Prinsip-prinsip manajemen
multibudaya penting diterapkan sebagai salah satu upaya peningkatan kualitas
interaksi antar budaya melalui komunikasi yang baik, sehingga terwujud saling
pengertian, membangun kepekaan budaya.
2.
Berbicara tentang manajemen
multibudaya, tidak terlepas dari kajian tentang budaya organisasi, yang memuat
nilai-nilai atau kepercayaan yang dimiliki oleh individu dan organisasi.
3.
Pentingnya membangun budaya
organisasi di kampus, dalam konteks manjemen multibudaya, terutama berkenaan
dengan upaya pencapaian tujuan pendidikan kampus dan peningkatan kinerja
perguruan tinggi.
4.2 Saran
Indonesia merupakan
negara multibudaya karena Indonesia memiliki banyak suku bangsa dan budaya. Hal
ini menyebabkan organisasi di Indonesia memiliki anggota dari berbagai suku bangsa.

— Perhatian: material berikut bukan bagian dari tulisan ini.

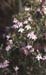 Thymus vulgaris(2)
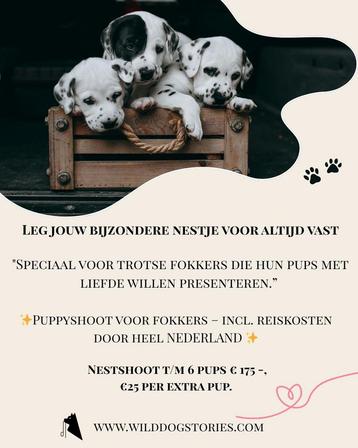 Professionele pups/nestshoot voor fokkers & baasjes beschikbaar voor biedingen
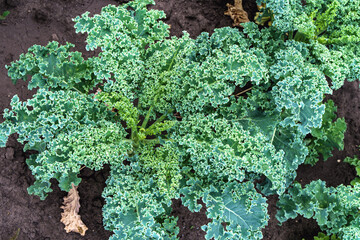 Curly kale leaves in the garden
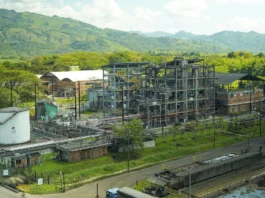 La agroindustria de la caña en Colombia creció 5 % en 2025, aumentó exportaciones 20 % y fortaleció producción de bioetanol y energía renovable.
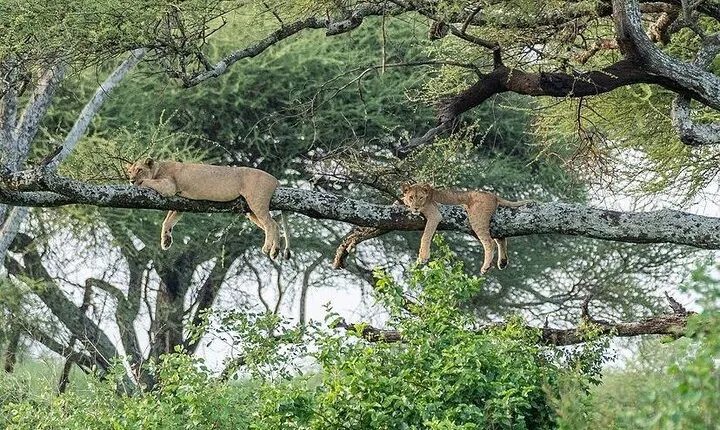 Day Trip To Tarangire National Park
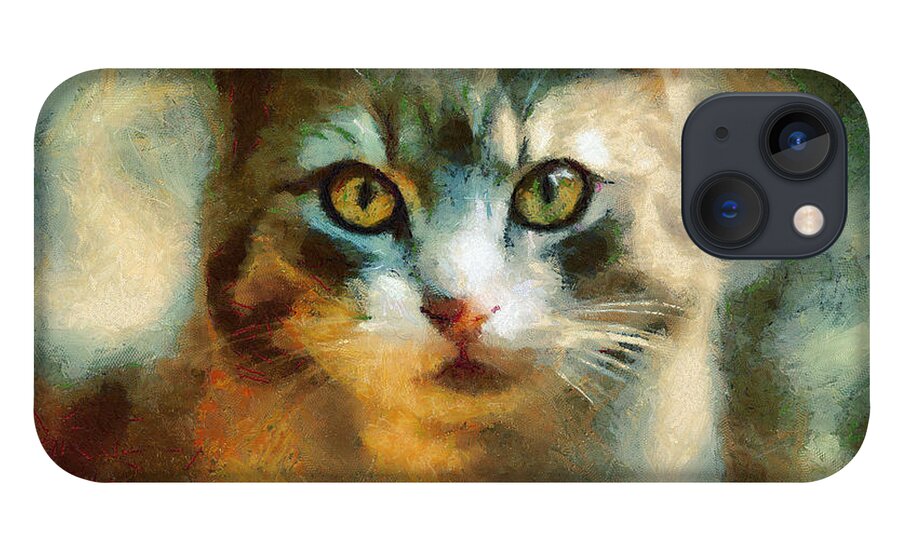 Painting iPhone 13 Case featuring the painting The Cat Eyes by Dimitar Hristov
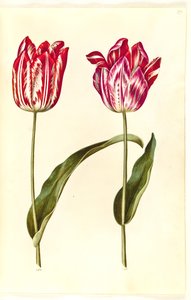 Tulipa gesneriana (have-tulipan) بواسطة ماريا سيبيلا ميريان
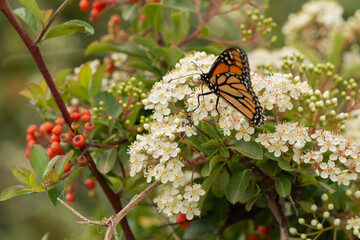 mariposa monarca en un arbusto con flores blancas 
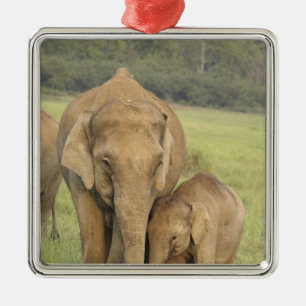 Indisk / Asiatisk Elefant och unge,Corbett Julgransprydnad Metall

Adanya keberagaman tenaga kerja sering kali dipandang hanya akan menimbulkan
masalah bagi perusahaan. Namun, pengelolaan keberagaman yang baik justru dapat
memberikan keunggulan kompetitif bagi perusahaan. Agar dapat memperoleh
keunggulan kompetitif tersebut, maka organisasi harus mengarah pada
terbentuknya organisasi multibudaya yaitu organisasi yang menghargai,
mempromosikan, dan secara proaktif mengelola perbedaan-perbedaan budaya yang
ada diantara sumber daya manusia yang dimilikinya.